Tribune publiée dans Le Plus L’Obs
« Députée de quoi ? Où ça ? » Comme presque tous les jours, dans les couloirs de l’Assemblée nationale, il me faut reprendre l’explication : oui, ma circonscription se trouve à l’étranger, plus précisément en Amérique du Nord, et comprend deux pays, le Canada et les États-Unis. Oui, comme dix de mes collègues, je suis une députée française, élue par les Français établis hors de France, qui pour la première fois en 2012 ont pu envoyer des représentants au palais Bourbon.
Un exercice électif inédit
Notre existence n’est pas encore ancrée dans les têtes. Mes collaboratrices ont parfois du mal à faire comprendre qui je suis lorsqu’elles ont à organiser des rendez-vous.
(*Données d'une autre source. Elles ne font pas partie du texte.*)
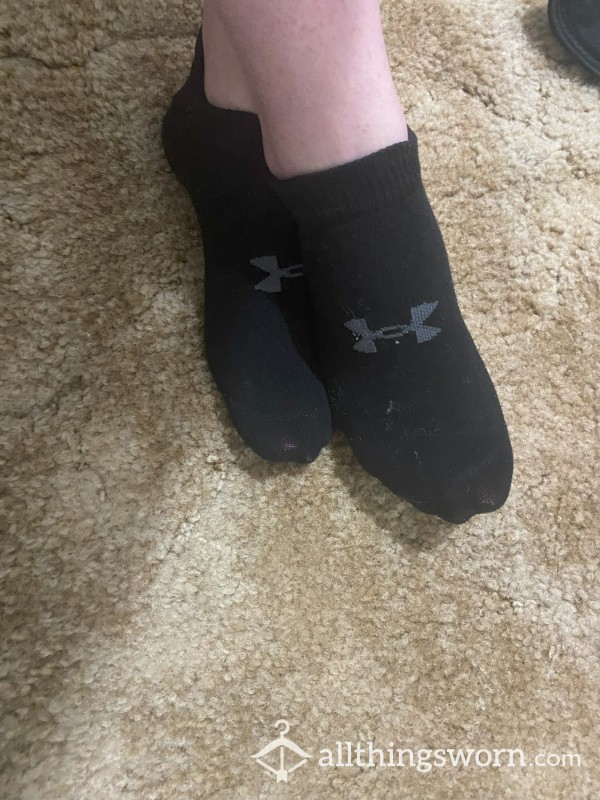 Black UA Sweaty Socks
Députée canadienne ? Parlementaire américaine ? Diplomate française ? Rien de tout ça, mais pas de panique, cela viendra. Après tout, c’est à nous de donner du contenu à ce nouveau mandat, à tracer les contours d’un exercice électif inédit. Bref, un défi passionnant, mais terriblement exigeant.
« Moi, j’ai déjà du mal à jongler entre Paris et ma circonscription du Sud de la France », rigole un de mes collègues, « alors Paris-New York ! ». Il a raison, ce n’est pas facile. Et encore, je devrais lui répondre que ma circonscription, ce n’est pas que New York, même si c’est dans la grosse pomme que je disposerai dans quelques semaines d’une permanence. Non, ma circonscription, c’est une superficie de 35 fois la France, de San Diego à la frontière entre le Mexique et la Californie aux territoires du nord-ouest canadien et à l’Alaska, de la Floride à la mer du Labrador près du cercle arctique, en passant par les grands espaces centraux. Mais il a raison, mon collègue.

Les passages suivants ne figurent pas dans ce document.